- What to produce
Please report how many lines in the records below contain the word "Metal", and give nothing else.

- Stored dataset items
----------
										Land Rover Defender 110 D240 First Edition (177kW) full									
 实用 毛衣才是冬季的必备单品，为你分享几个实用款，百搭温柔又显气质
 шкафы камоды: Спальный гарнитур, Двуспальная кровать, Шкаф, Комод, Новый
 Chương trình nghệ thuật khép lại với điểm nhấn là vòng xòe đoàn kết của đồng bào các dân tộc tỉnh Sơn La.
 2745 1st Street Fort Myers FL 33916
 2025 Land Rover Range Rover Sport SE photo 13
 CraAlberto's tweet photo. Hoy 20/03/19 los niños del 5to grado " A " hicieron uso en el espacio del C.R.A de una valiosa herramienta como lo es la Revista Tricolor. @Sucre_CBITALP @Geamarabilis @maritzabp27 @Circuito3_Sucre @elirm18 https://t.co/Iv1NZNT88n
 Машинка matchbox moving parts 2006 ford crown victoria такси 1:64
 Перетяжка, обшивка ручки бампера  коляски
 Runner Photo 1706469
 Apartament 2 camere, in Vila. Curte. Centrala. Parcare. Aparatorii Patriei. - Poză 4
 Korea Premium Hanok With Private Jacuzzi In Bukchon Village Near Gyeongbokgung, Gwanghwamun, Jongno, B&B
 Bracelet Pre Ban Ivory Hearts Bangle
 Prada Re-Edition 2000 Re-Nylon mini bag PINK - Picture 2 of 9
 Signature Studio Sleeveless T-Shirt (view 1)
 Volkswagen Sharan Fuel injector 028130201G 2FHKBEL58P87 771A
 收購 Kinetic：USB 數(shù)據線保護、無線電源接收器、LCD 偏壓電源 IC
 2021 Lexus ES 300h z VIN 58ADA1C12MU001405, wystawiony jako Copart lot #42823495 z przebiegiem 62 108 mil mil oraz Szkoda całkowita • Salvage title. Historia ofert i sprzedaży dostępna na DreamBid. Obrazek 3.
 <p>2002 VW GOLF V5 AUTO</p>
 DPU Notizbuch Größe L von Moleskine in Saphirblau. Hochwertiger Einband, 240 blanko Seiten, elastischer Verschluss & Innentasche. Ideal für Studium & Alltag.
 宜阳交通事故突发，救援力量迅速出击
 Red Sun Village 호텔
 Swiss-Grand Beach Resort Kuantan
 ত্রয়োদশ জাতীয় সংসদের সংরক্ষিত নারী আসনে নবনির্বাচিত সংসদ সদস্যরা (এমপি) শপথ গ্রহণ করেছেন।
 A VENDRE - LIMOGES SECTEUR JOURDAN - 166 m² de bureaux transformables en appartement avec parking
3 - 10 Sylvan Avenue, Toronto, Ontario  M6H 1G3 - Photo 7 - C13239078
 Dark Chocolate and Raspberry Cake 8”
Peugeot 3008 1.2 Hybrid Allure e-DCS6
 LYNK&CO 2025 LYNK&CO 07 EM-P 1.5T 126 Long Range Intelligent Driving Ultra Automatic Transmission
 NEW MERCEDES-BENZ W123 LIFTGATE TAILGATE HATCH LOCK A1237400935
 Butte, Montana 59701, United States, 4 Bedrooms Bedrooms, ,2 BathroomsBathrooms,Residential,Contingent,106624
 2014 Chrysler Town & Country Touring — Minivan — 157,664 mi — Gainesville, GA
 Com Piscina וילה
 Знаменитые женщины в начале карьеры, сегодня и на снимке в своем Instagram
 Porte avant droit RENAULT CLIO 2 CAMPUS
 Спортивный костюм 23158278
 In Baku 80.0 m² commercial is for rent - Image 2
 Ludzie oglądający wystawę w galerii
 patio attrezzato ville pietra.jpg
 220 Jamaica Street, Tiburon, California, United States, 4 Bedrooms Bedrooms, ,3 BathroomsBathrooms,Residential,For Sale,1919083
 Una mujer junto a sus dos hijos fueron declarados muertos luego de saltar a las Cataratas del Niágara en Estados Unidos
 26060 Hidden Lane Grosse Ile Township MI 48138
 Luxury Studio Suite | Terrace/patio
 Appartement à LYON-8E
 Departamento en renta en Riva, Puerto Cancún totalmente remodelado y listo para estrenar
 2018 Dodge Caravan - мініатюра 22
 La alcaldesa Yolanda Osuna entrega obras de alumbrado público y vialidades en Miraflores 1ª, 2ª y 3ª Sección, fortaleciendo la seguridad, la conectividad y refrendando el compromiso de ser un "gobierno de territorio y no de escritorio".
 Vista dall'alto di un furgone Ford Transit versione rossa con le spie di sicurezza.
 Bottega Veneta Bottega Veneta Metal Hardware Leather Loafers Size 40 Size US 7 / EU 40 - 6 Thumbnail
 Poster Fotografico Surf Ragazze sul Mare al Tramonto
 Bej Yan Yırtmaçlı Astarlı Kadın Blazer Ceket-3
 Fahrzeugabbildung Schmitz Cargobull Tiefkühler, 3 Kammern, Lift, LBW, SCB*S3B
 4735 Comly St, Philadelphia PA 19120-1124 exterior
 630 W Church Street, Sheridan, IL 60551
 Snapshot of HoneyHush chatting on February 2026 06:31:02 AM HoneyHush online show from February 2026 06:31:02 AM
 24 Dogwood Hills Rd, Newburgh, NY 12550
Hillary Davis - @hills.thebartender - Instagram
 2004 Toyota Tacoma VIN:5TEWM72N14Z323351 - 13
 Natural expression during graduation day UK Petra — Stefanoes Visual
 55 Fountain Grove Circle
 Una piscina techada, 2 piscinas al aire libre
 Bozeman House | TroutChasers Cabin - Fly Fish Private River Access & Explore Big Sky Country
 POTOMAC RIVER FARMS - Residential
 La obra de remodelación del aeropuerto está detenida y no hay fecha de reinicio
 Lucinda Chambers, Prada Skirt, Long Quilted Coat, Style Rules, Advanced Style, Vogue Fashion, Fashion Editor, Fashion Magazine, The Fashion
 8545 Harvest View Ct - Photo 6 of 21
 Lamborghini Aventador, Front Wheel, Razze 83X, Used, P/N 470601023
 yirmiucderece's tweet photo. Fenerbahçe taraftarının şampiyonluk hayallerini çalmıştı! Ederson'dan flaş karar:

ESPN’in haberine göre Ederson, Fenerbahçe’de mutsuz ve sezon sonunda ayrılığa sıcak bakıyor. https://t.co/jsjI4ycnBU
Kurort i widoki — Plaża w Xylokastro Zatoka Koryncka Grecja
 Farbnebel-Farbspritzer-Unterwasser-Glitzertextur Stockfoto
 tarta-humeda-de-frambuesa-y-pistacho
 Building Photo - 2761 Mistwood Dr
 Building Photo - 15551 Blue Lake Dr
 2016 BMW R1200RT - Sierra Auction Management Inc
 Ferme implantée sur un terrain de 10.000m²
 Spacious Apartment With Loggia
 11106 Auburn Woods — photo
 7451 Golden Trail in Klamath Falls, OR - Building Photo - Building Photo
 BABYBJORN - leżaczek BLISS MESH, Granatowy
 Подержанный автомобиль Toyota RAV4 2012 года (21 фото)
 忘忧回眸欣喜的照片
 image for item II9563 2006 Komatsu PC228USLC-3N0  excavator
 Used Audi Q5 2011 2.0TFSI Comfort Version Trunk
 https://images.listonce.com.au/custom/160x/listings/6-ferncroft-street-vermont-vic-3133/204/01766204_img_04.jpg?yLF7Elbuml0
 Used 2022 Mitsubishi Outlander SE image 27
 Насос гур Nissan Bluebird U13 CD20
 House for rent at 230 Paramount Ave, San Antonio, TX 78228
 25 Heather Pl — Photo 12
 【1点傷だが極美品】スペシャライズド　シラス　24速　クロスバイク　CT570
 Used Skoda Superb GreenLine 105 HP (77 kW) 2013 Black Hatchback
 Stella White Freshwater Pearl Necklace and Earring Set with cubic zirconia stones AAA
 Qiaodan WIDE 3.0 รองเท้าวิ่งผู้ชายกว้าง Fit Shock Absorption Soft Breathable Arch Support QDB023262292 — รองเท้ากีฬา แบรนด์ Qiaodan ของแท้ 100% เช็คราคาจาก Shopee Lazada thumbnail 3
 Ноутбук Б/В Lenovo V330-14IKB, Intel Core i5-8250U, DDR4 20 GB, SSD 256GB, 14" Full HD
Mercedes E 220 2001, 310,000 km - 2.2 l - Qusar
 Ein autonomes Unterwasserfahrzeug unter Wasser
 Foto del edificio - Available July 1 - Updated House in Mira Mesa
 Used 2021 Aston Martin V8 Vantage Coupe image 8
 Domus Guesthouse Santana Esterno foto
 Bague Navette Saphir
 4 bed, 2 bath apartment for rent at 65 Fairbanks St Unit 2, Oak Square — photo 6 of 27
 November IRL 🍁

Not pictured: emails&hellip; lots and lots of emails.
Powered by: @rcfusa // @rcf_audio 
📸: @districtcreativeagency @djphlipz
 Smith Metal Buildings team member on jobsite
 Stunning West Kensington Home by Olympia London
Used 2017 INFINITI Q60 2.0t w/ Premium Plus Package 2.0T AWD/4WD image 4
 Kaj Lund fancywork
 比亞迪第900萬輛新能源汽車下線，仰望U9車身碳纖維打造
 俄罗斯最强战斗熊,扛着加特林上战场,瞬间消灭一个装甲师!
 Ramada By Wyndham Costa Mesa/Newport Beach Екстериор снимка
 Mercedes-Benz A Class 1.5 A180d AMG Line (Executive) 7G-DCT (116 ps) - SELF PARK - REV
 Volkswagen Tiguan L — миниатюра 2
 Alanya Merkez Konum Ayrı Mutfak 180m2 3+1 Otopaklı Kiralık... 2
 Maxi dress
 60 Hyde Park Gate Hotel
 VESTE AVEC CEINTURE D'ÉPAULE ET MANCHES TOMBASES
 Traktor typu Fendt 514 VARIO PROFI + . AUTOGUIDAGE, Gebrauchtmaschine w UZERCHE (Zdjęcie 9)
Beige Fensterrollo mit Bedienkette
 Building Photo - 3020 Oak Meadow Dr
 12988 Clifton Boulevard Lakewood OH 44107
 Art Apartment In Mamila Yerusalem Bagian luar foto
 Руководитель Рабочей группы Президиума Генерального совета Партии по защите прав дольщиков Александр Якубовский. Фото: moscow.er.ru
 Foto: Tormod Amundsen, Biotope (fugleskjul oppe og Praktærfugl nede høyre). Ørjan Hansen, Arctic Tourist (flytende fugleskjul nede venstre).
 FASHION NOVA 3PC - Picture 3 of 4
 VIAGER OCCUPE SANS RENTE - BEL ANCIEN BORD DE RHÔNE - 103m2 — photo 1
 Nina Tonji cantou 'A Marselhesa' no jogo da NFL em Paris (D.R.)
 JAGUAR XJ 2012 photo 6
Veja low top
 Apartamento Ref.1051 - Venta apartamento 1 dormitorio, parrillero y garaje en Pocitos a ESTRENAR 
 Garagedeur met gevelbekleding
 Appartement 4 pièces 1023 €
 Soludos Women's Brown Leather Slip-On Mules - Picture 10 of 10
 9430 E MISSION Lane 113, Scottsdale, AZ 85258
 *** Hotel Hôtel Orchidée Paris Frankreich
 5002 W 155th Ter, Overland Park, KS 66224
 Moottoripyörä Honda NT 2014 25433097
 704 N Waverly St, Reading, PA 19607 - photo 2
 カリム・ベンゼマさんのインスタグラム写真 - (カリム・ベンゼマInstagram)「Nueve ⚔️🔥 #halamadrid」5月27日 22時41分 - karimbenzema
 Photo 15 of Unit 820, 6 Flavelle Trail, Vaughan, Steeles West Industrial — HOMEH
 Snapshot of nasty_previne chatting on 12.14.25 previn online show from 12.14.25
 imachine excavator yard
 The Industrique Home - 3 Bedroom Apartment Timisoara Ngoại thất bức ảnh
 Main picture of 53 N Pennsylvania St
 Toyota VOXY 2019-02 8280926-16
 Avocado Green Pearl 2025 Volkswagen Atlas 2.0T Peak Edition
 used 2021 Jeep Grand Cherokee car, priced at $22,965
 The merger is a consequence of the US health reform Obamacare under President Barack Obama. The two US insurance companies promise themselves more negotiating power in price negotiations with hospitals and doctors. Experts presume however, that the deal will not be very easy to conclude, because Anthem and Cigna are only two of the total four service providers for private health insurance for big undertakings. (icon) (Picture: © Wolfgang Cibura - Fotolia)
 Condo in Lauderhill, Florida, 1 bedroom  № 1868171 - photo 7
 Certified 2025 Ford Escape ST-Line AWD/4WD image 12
----------
- Exercise answer
2